● **INSTRUCTIONS TO FOLLOW**
Only the lines below from the one containing "İstanbul'da Meyve Fiyatları" through the last line should be set down, exactly as written and with no pictures.

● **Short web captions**
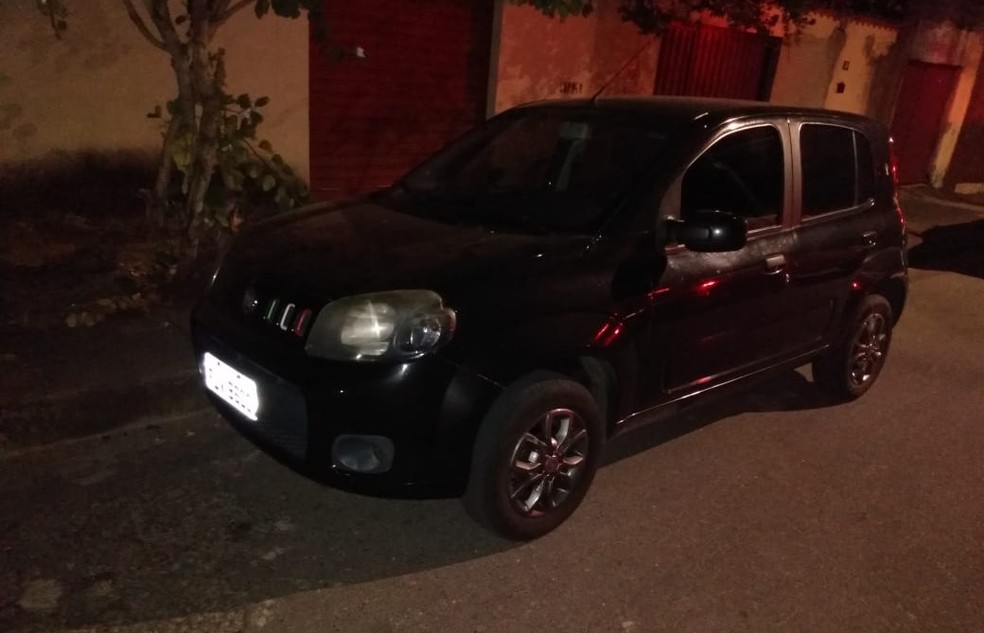 Homem é preso suspeito de usar arma falsa para roubar carro em Belo Horizonte — Foto: Reprodução/Redes Sociais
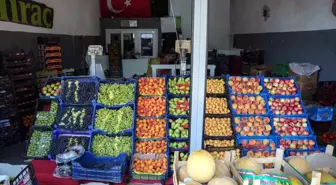 İstanbul'da Meyve Fiyatları Rekor Seviyelere Ulaştı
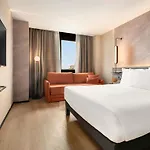 Novotel Lavant Hotel
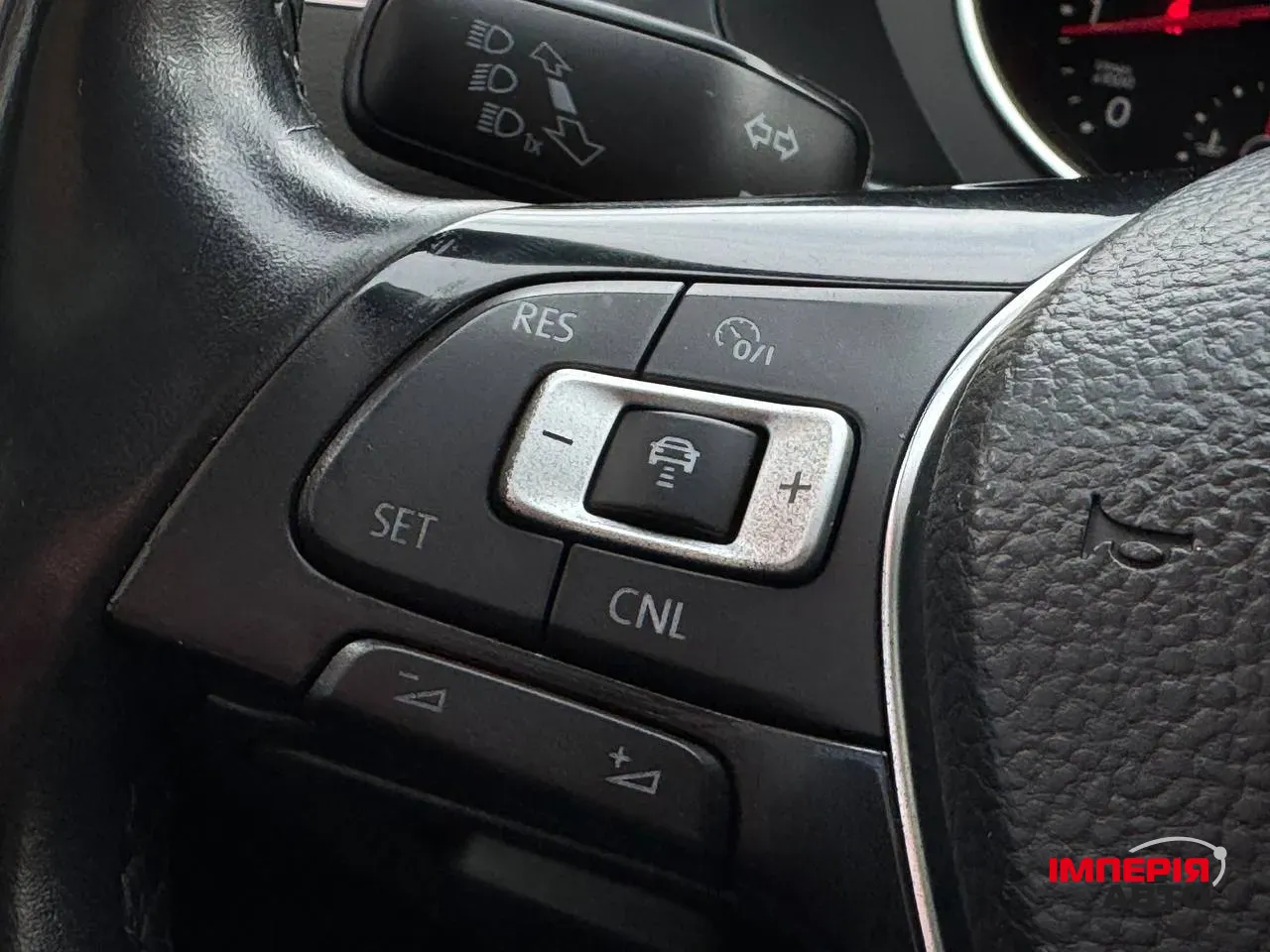 Volkswagen Tiguan - фото 37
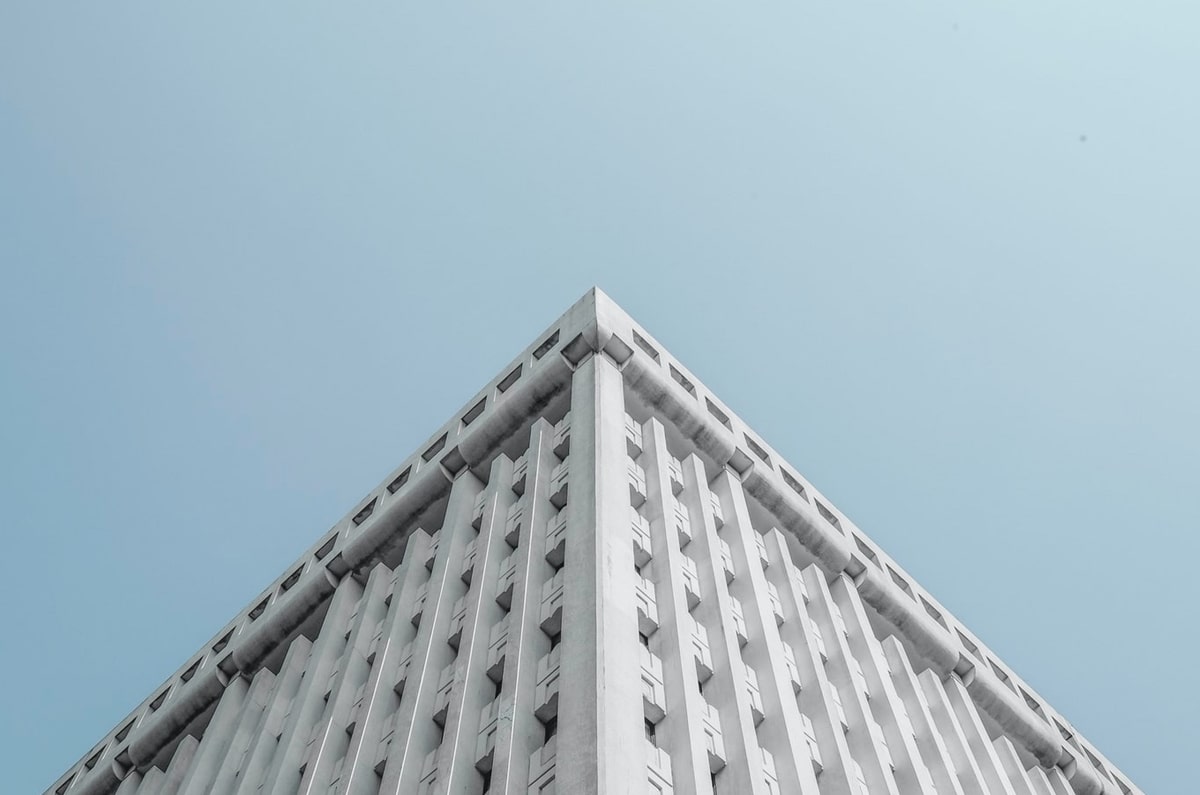 西甲媒体透露:阿隆索最大的失误就是没能留下更衣室定海神针莫德里奇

● **RESULT**
 İstanbul'da Meyve Fiyatları Rekor Seviyelere Ulaştı
 Novotel Lavant Hotel
 Volkswagen Tiguan - фото 37
 西甲媒体透露:阿隆索最大的失误就是没能留下更衣室定海神针莫德里奇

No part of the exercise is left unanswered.